It's common to see people report variability in their realized sample through the $\bar{x} \pm 2s$ range, where $\bar{x}$ is the realized mean and $s$ the realized standard deviation estimate in their sample.
Beyond informing about the realized sample, I am guessing $\bar{x} \pm 2s$ is often reported in the hope that it provides information about $\mu \pm 2\sigma$.
But unless the sample is very large, $\bar{x}$ and $s$ will be imperfect estimates of $\mu$ and $\sigma$, and $\bar{x} \pm 2s$ will therefore be an inaccurate estimate of $\mu \pm 2\sigma$.
Whether or not it's a good idea to try and estimate $\mu \pm 2\sigma$, this leads me to wonder about standard practices to do so, and to assess the accuracy of the estimated range (including the relationship between accuracy and sample size $n$).
I guess you could construct standard CIs around both $\mu$ and $\sigma$ and somehow "combine" these two CI looking at worse case scenarios to get a "maximum" CI for $\mu \pm 2\sigma$ you're equally confident in (say by taking the highest value in the CI for $\sigma$ plus/minus the highest/lowest value in the CI for $\mu$).
But that seems super hacky and not well-founded theoretically (among other things, I suspect there are issues with $s$ appearing in the CI formula for both $\mu$ and $\sigma$?).
If that's indeed not a good idea, what would be a better approach to estimating $\mu \pm 2\sigma$ with confidence?

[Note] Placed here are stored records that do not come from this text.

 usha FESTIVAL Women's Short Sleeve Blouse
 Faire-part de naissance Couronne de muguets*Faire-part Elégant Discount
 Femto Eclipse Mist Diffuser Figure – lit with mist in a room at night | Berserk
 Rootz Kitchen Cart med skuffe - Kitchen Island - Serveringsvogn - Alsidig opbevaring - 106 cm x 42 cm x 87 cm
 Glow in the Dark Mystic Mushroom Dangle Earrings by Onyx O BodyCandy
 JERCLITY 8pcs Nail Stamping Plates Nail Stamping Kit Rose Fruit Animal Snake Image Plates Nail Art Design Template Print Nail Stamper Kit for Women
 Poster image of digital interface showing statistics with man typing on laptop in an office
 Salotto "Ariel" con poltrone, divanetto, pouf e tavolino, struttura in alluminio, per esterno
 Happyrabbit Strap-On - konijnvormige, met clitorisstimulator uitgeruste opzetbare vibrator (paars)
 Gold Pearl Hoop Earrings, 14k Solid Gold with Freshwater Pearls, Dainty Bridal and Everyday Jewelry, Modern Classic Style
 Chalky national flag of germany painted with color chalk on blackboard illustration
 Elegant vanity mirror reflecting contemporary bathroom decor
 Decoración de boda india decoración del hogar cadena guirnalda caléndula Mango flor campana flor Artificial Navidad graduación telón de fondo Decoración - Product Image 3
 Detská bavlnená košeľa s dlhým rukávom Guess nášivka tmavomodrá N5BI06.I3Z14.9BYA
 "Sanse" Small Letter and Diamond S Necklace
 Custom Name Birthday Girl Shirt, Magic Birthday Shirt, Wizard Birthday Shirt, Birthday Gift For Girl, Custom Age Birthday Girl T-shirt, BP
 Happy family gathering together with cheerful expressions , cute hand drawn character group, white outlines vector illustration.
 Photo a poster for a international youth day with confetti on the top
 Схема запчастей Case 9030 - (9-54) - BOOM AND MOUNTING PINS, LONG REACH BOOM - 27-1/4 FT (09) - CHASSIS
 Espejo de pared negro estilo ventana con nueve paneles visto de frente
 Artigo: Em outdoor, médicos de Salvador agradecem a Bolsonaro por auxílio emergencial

In the classical CI sense, and under some reasonable distributional assumptions, is there an observable random interval $[\underline{F}(X_1, \dots, X_n; \alpha), \bar{F}(X_1, \dots, X_n; \alpha)]$ that is guaranteed to include the whole $\mu \pm 2\sigma$ range $(1-\alpha)$ percent of the time (in a similar way that $(1-\alpha)$ percent of the time, the range $\bar{X} \pm z_{\alpha/2} (s/\sqrt{n})$ includes $\mu$ itself)?
That is, I am looking for a family of statistics $\underline{F}(X_1, \dots, X_n; \alpha)$ and $\bar{F}(X_1, \dots, X_n; \alpha)$ such that:
$$P\big(\underline{F}(X_1, \dots, X_n; \alpha) \leq \mu – 2\sigma < \mu + 2\sigma \leq \bar{F}(X_1, \dots, X_n; \alpha) \big) = 1-\alpha.$$
Best Answer
As @whuber wrote in the comments, what I am describing is a "Tolerance Interval" (see e.g., Prediction and Tolerance Intervals).
If I understand things correctly so far, one connection with the $\bar{x} + 2s$ rule of thumb is that, with normal data, as the sample-size $n$ tends to infinity, $\bar{x} + 1.96s$ obviously gets closer and closer to including 95% of the population (as $n$ tends to infinity, this is true, I believe, for any level of confidence, be it 95%, 99%, 99.9%,...).
However, for finite $n$, intervals including 95% of the population with, say, 95% confidence are larger than $\bar{x} + 1.96s$ (e.g., the interval is around $\bar{x} + 2.75s$ when $n=20$, where calculations are from https://statpages.info/tolintvl.html with underlying statistical assumption --- in particular, normal data --- described in https://www.itl.nist.gov/div898/handbook/prc/section2/prc263.htm).